# Required action
Your task is to write out every line of the data exactly. Drop the pictures.

# Data provided

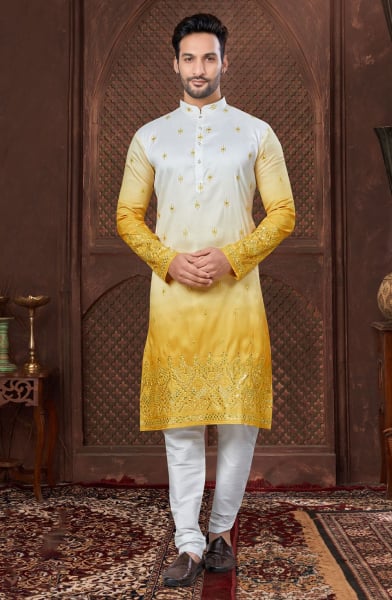 Yellow Silk Embroidered Kurta Set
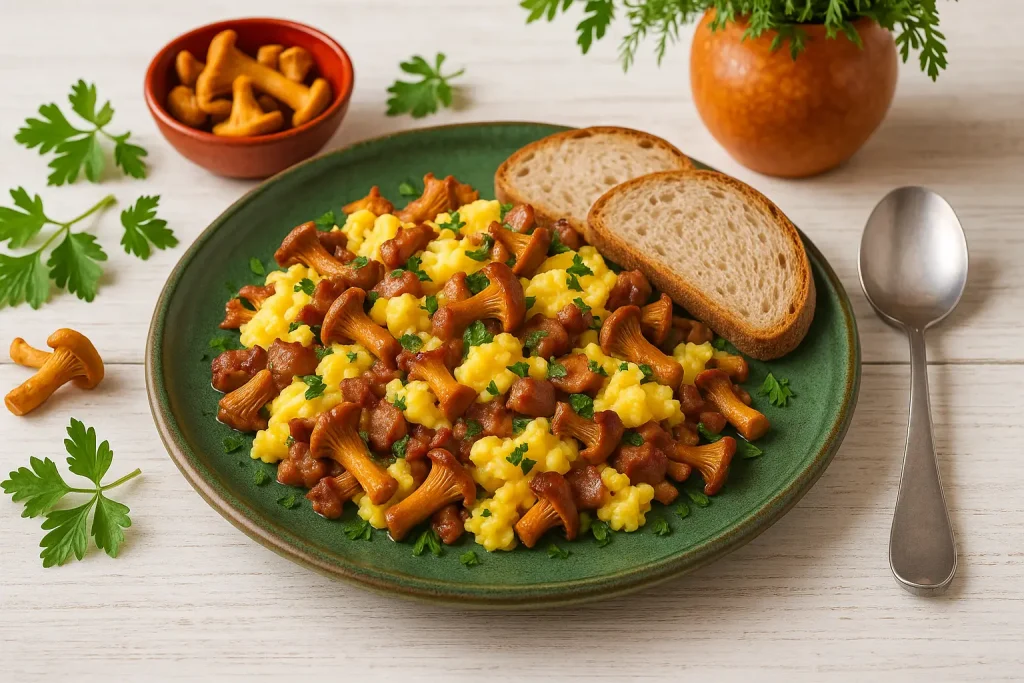 Grüner Keramikteller mit gebratenen Pfifferlingen, Speck und gut sichtbaren Stücken gestocktem Ei, serviert mit Brot auf weißem Holztisch, dekoriert mit Kräutern und Pilzen.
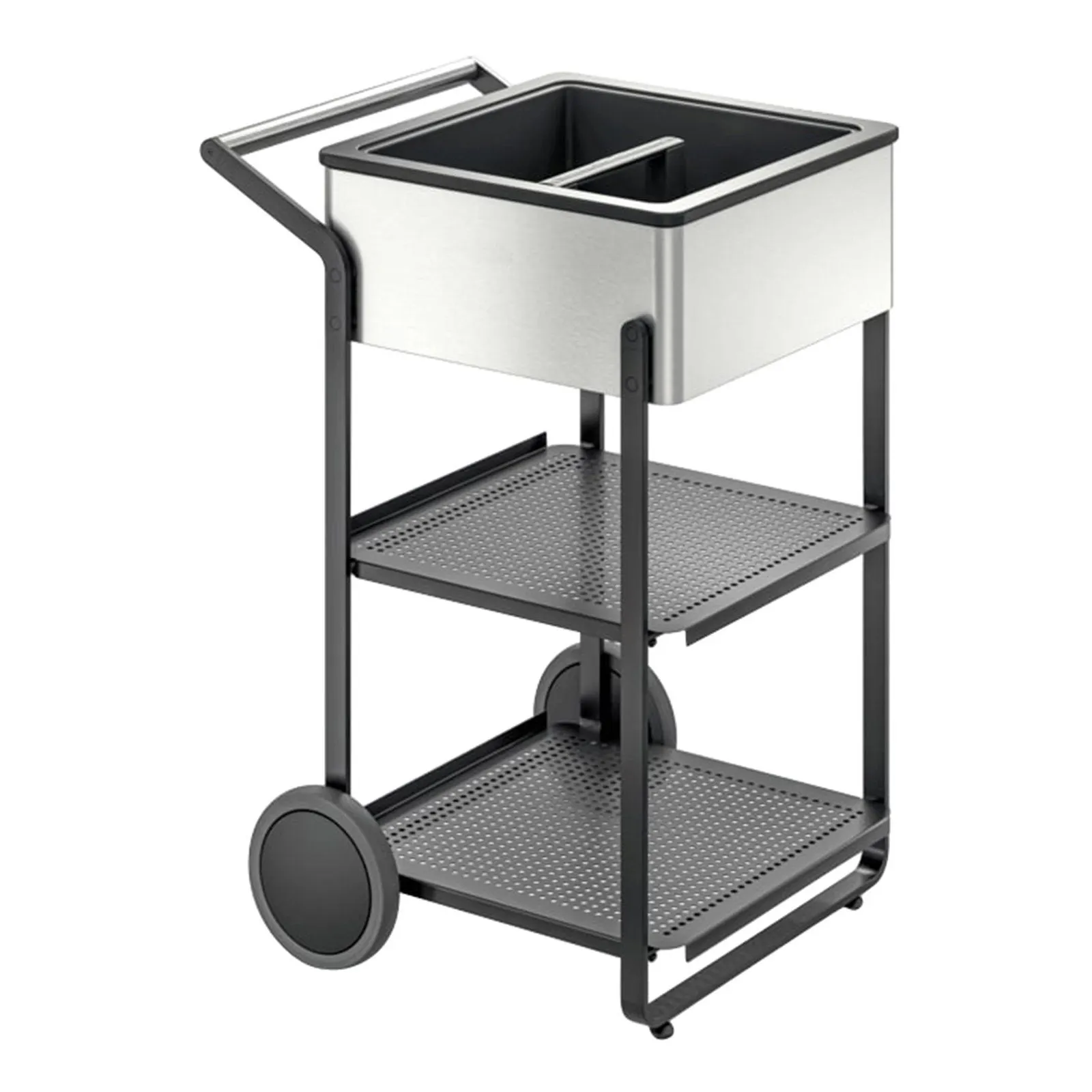 Mobile Bar Cart Metal Bar Trolley Cart Service Cart Movable Wine Trolley With Freezer Drinks Trolley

# Result of the task
 Yellow Silk Embroidered Kurta Set
 Grüner Keramikteller mit gebratenen Pfifferlingen, Speck und gut sichtbaren Stücken gestocktem Ei, serviert mit Brot auf weißem Holztisch, dekoriert mit Kräutern und Pilzen.
 Mobile Bar Cart Metal Bar Trolley Cart Service Cart Movable Wine Trolley With Freezer Drinks Trolley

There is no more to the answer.